• [Required action] In the records that follow, find the line with "4119 Palmer Park"; from there, retype every line exactly through the line with "Quincy Jones, Musical", which also belongs to the answer.

• [Records supplied]
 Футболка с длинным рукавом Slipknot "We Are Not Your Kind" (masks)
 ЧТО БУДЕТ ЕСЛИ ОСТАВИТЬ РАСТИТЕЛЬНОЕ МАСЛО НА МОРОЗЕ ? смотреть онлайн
...
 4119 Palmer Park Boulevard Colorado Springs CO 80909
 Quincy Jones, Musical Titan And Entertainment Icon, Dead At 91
---
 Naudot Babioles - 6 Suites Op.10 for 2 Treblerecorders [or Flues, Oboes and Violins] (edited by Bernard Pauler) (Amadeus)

• [Solution]
 4119 Palmer Park Boulevard Colorado Springs CO 80909
 Quincy Jones, Musical Titan And Entertainment Icon, Dead At 91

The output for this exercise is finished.